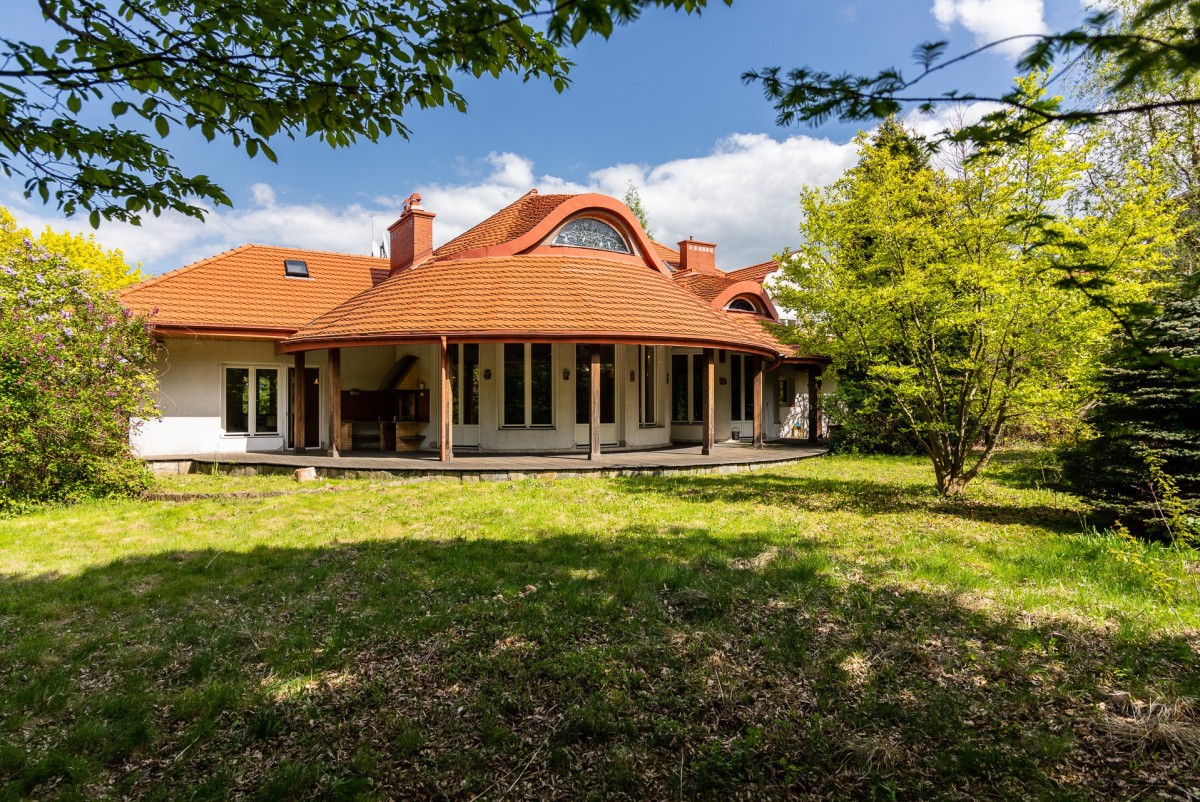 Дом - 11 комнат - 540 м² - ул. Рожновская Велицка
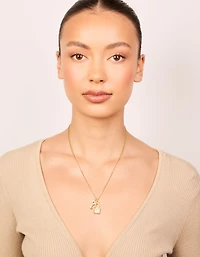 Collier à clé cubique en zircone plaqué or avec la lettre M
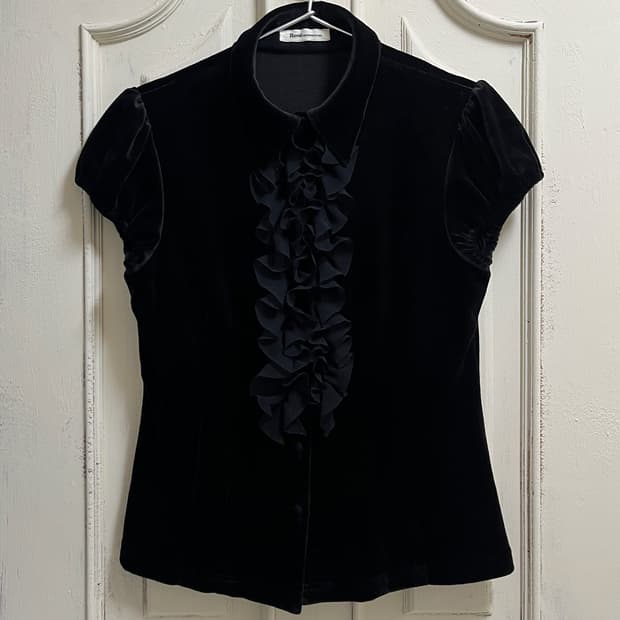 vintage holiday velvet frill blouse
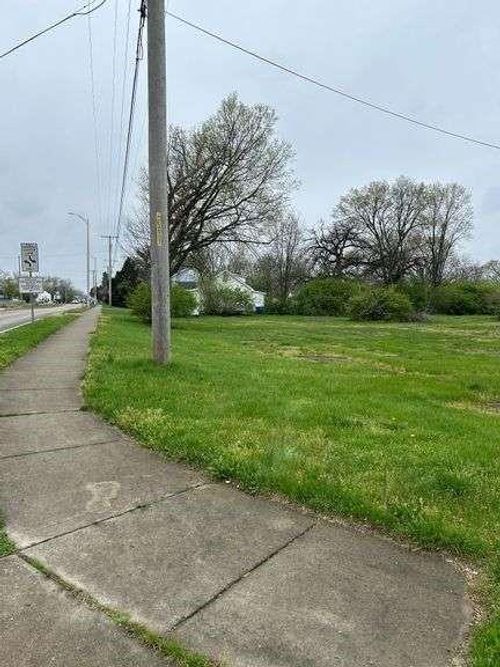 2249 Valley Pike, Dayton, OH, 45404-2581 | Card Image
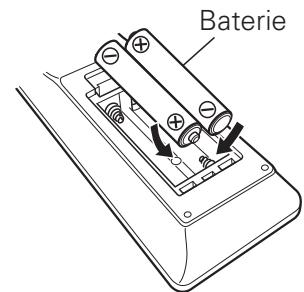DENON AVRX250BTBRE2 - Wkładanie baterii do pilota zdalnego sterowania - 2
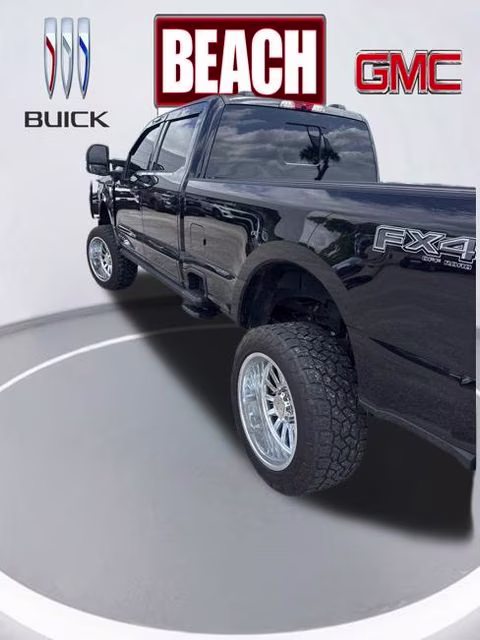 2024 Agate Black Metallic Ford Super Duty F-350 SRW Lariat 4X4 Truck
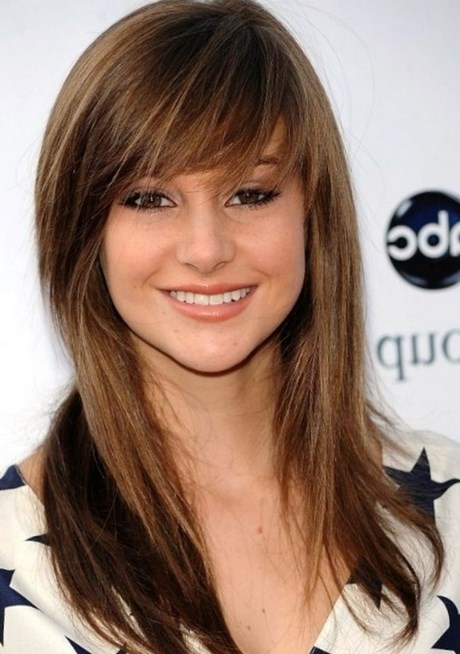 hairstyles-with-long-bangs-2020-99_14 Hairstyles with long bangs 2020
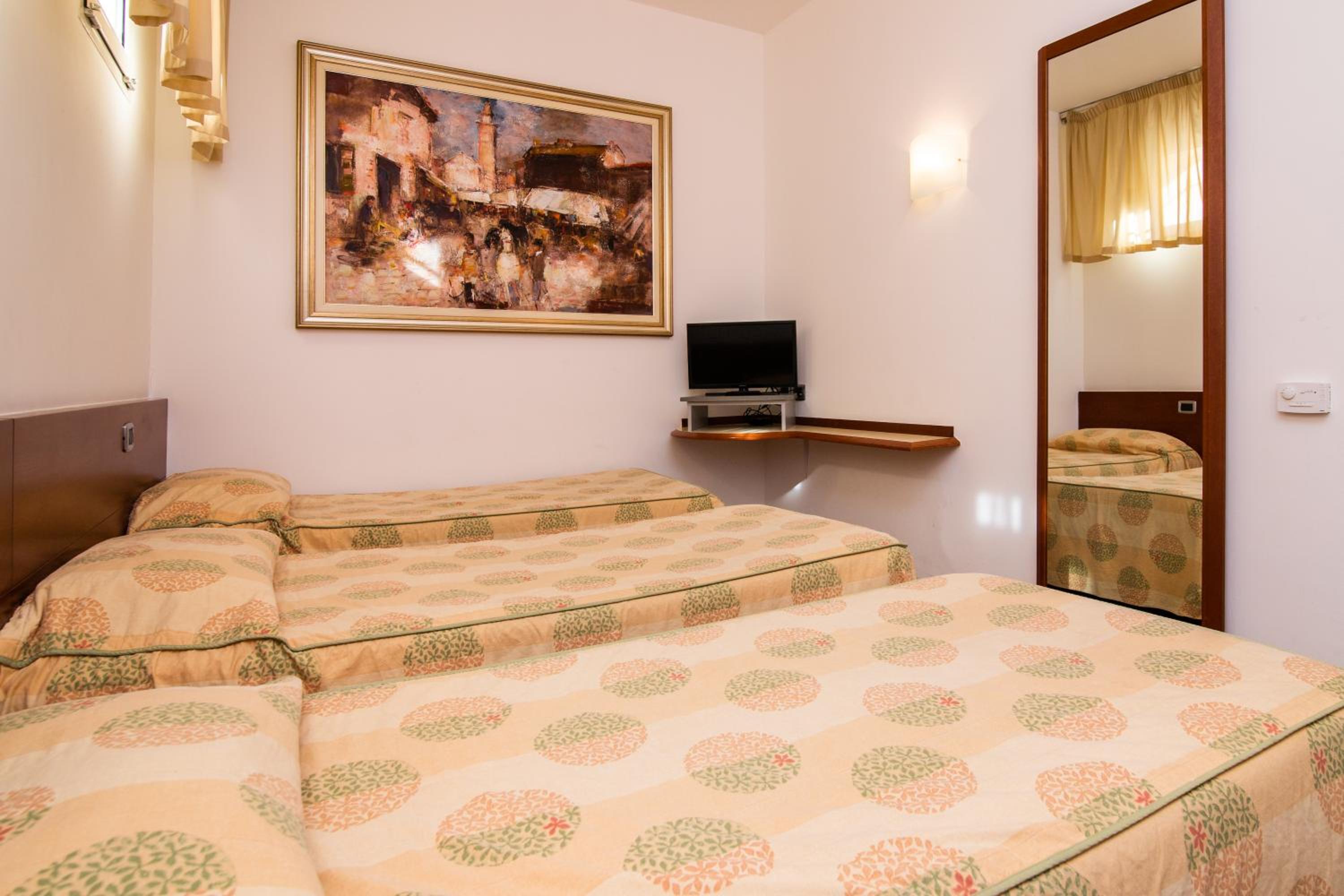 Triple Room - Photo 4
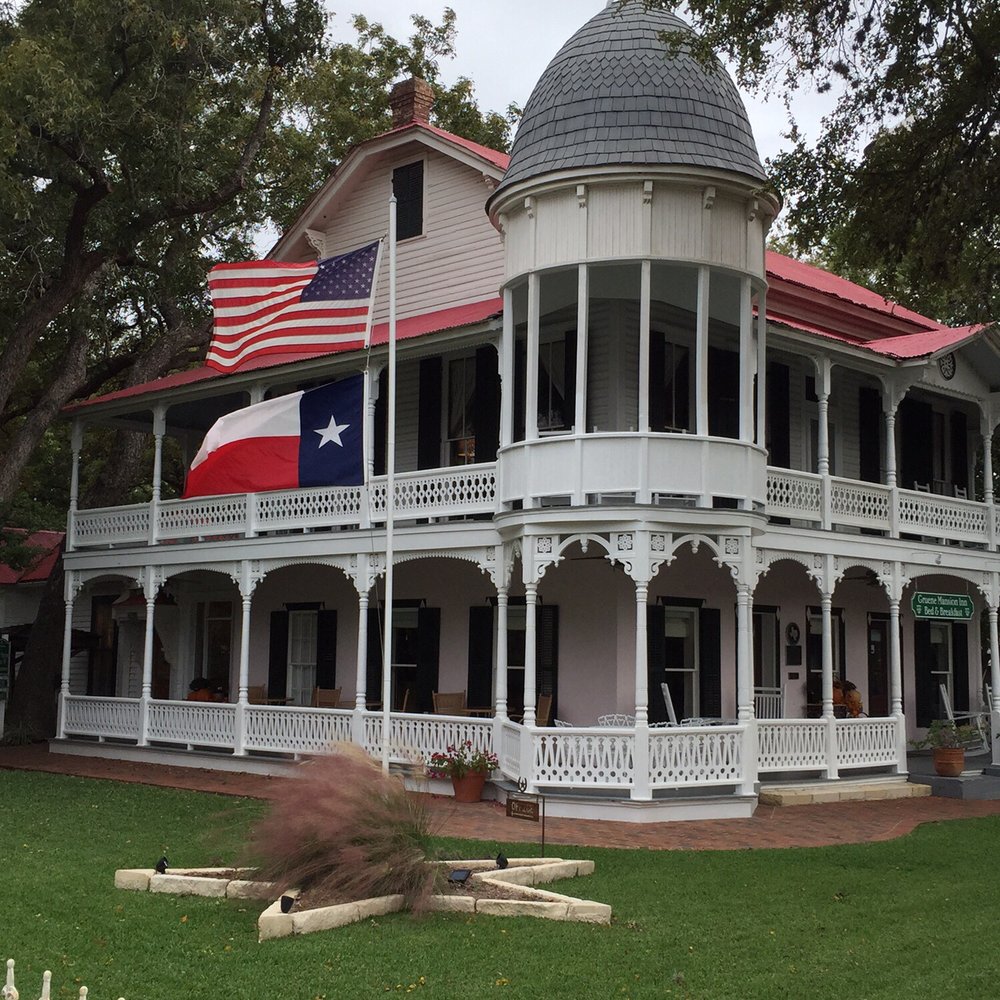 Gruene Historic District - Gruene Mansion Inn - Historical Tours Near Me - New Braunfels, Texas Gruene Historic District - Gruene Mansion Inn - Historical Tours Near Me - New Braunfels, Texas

_WHAT YOU HAVE TO DO_
Write out all the records exactly, omitting the images.

_ANSWER TO THE PROBLEM_
 Дом - 11 комнат - 540 м² - ул. Рожновская Велицка
 Collier à clé cubique en zircone plaqué or avec la lettre M
 vintage holiday velvet frill blouse
 2249 Valley Pike, Dayton, OH, 45404-2581 | Card Image
DENON AVRX250BTBRE2 - Wkładanie baterii do pilota zdalnego sterowania - 2
 2024 Agate Black Metallic Ford Super Duty F-350 SRW Lariat 4X4 Truck
 hairstyles-with-long-bangs-2020-99_14 Hairstyles with long bangs 2020
 Triple Room - Photo 4
 Gruene Historic District - Gruene Mansion Inn - Historical Tours Near Me - New Braunfels, Texas Gruene Historic District - Gruene Mansion Inn - Historical Tours Near Me - New Braunfels, Texas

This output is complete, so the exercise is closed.